Data shown:
========
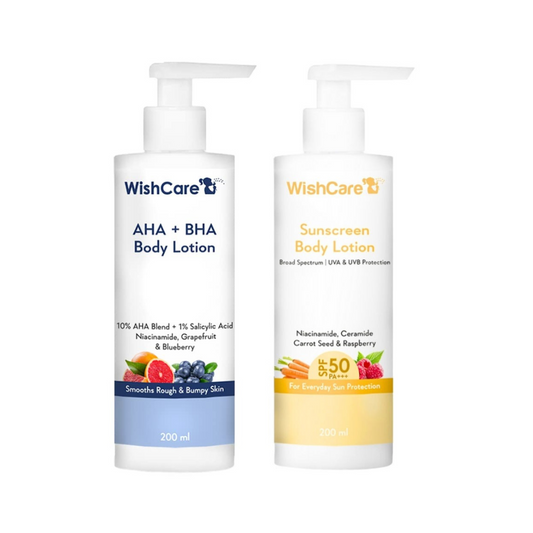 Wishcare Detan Combo Sunscreen SPF 50 Broad Spectrum & 10% AHA + 1% BHA Body Lotion Grab2Buy Wishcare Grab2Buy
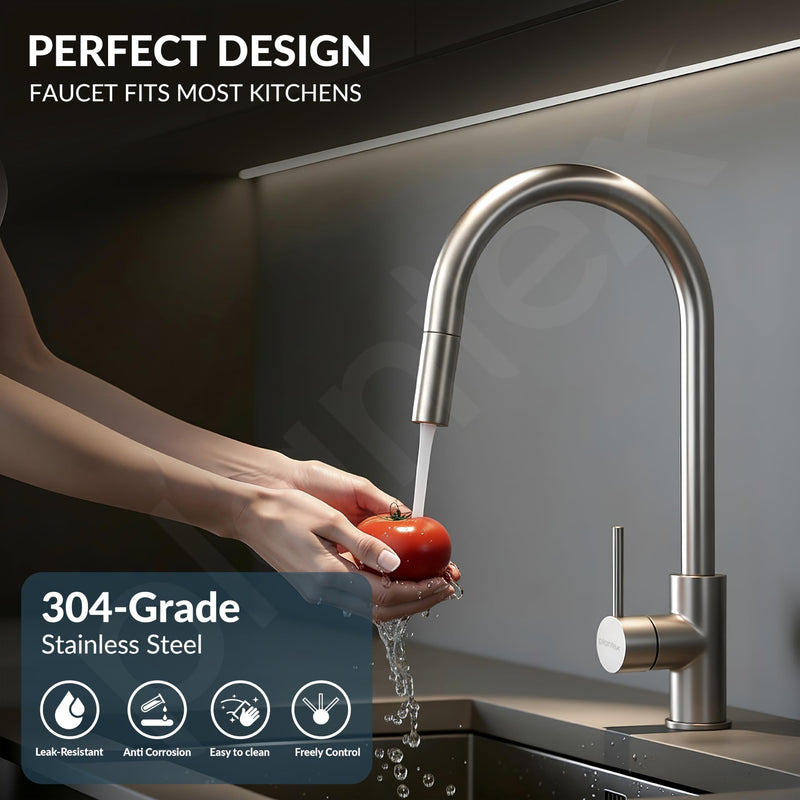 Plantex Pull-Down Kitchen Sink Tap/304 Stainless Steel Sink Tap for Kitchen Basin with 360? Swivel Spout/Kitchen Sink Faucet- (1062, Matt)-2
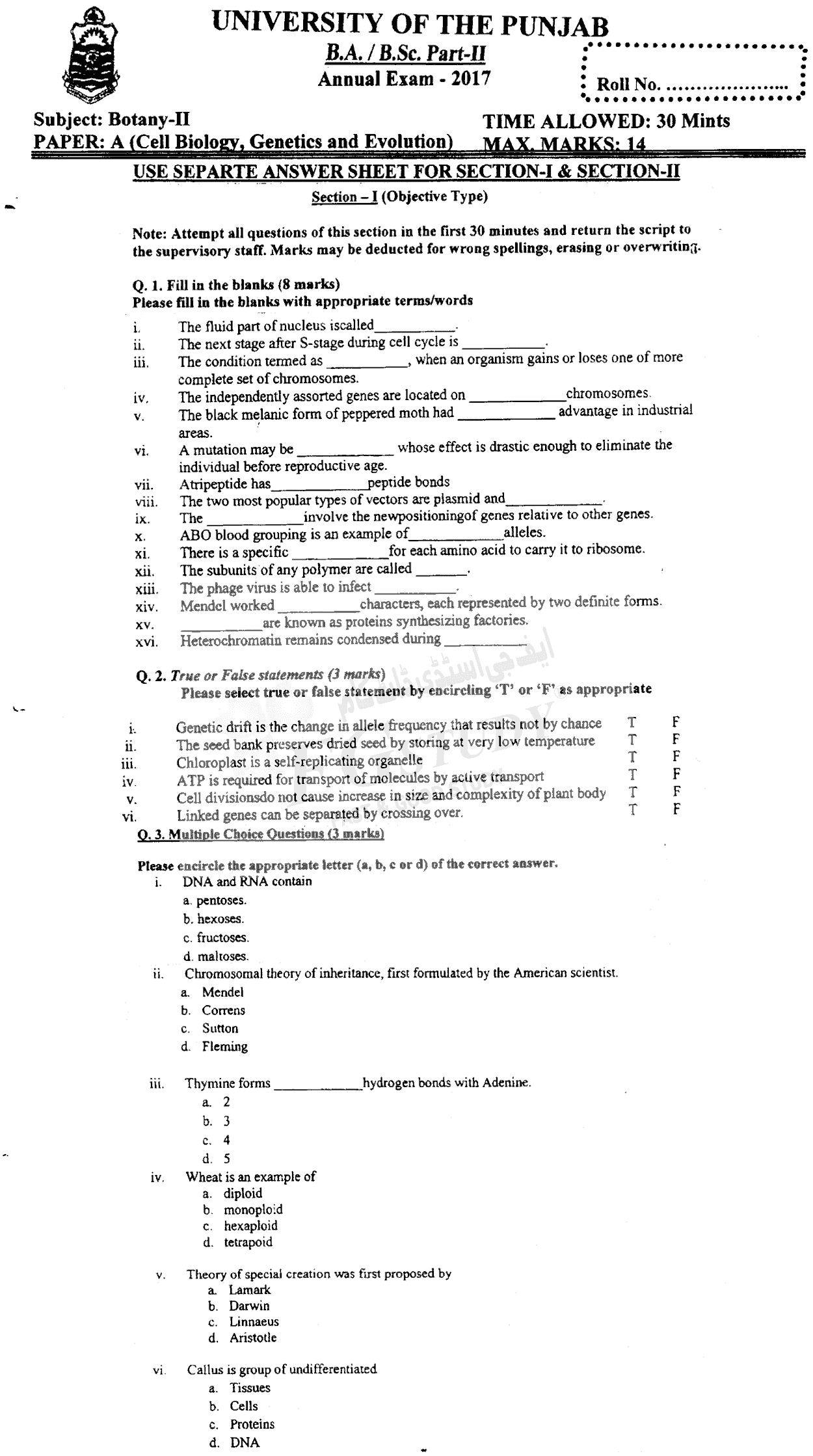 BSc Part 2 Botany 2 Cell Biology Genetics And Evolution Past Paper 2017 Punjab University Objective
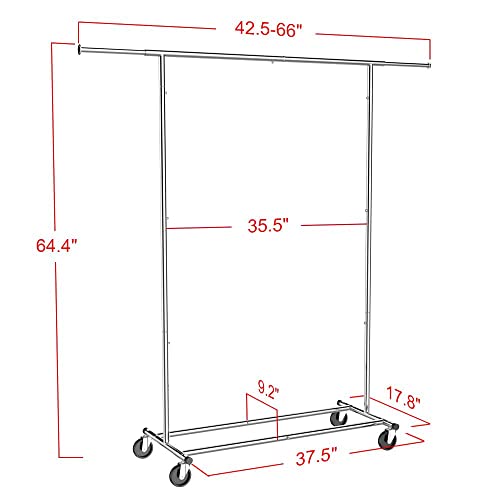 Yaheetech Metal Garment Rack with Wheels, Heavy Duty Clothes Rack with Extendable Hanging Rod, Clothing Rack for Hanging Clothes, Silver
========
What you will do: Where the data contains an image, skip the image and copy everything else exactly as it appears.

Reply to the exercise:
 Wishcare Detan Combo Sunscreen SPF 50 Broad Spectrum & 10% AHA + 1% BHA Body Lotion Grab2Buy Wishcare Grab2Buy
 Plantex Pull-Down Kitchen Sink Tap/304 Stainless Steel Sink Tap for Kitchen Basin with 360? Swivel Spout/Kitchen Sink Faucet- (1062, Matt)-2
 BSc Part 2 Botany 2 Cell Biology Genetics And Evolution Past Paper 2017 Punjab University Objective
 Yaheetech Metal Garment Rack with Wheels, Heavy Duty Clothes Rack with Extendable Hanging Rod, Clothing Rack for Hanging Clothes, Silver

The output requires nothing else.